-------- Source material --------

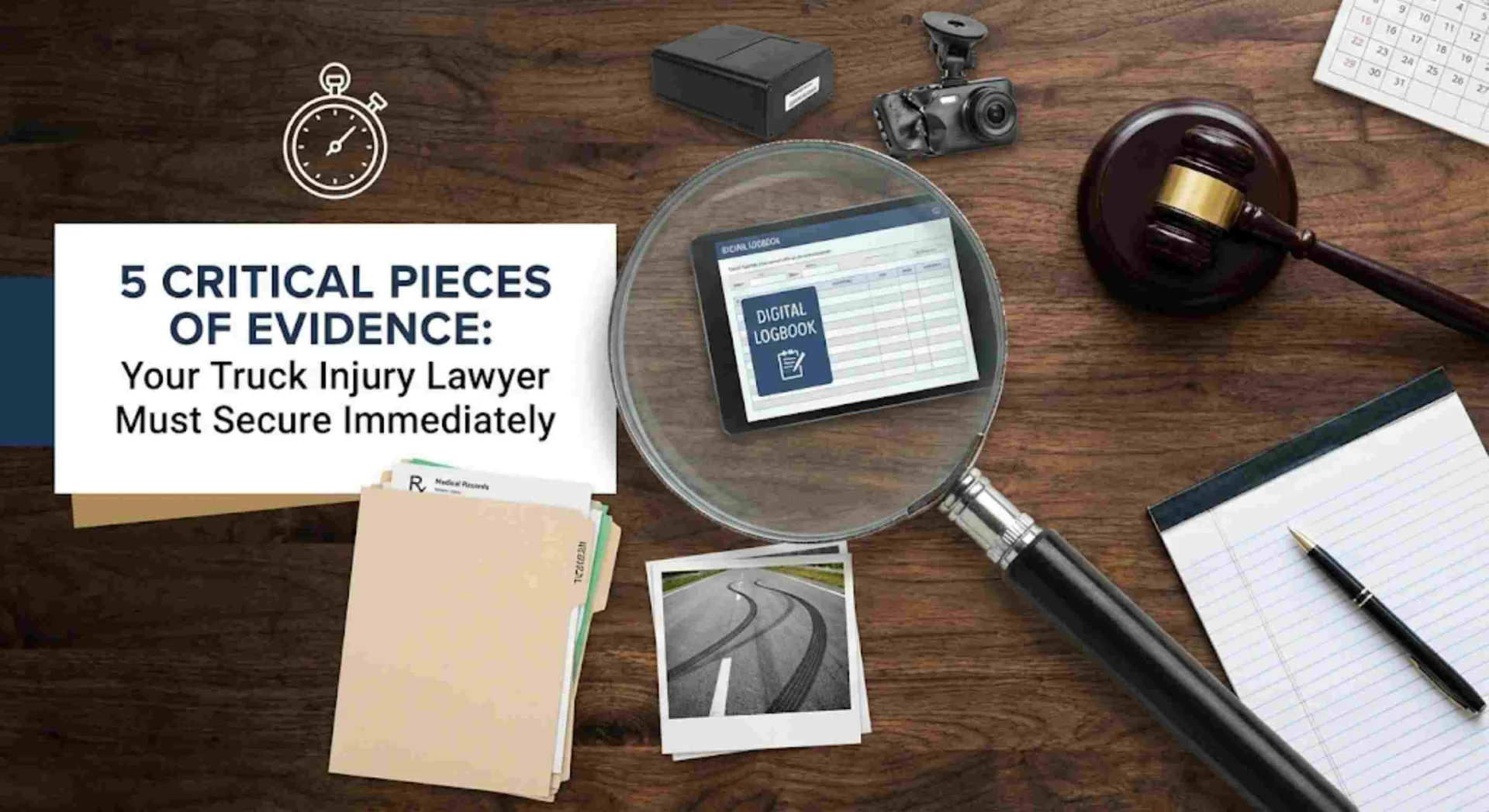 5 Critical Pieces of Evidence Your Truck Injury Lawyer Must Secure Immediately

--------
-------- Source material --------

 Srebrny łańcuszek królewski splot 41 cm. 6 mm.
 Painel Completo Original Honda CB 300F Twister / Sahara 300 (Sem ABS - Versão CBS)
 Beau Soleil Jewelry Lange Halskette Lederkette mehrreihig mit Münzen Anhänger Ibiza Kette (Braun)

--------
-------- Source material --------

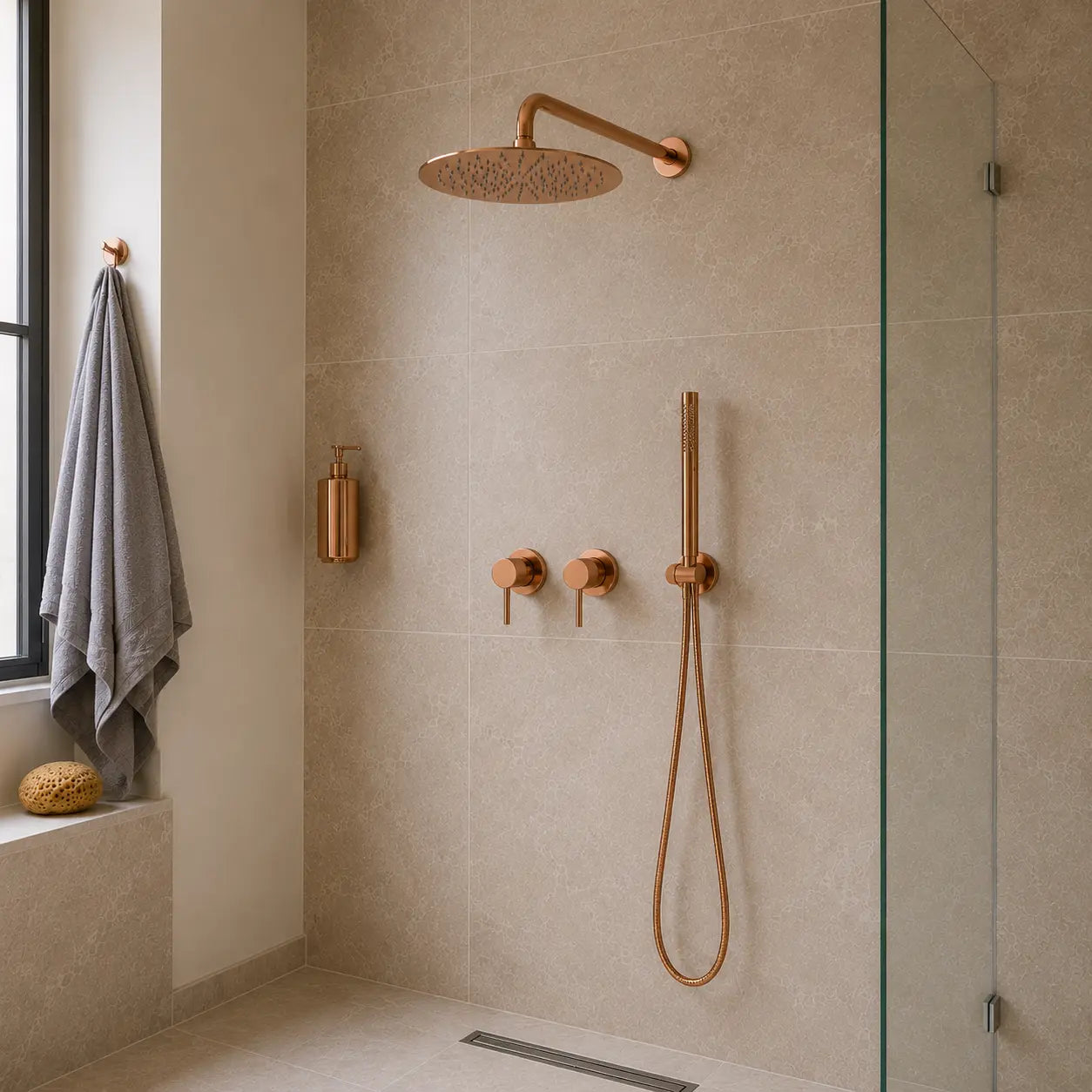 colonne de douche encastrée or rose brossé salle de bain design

--------

Task statement: Among the entries above, copy exactly only the lines starting with the one containing "Srebrny łańcuszek królewski" and going through the one containing "Beau Soleil Jewelry", both ends included.

Solution to the problem:
 Srebrny łańcuszek królewski splot 41 cm. 6 mm.
 Painel Completo Original Honda CB 300F Twister / Sahara 300 (Sem ABS - Versão CBS)
 Beau Soleil Jewelry Lange Halskette Lederkette mehrreihig mit Münzen Anhänger Ibiza Kette (Braun)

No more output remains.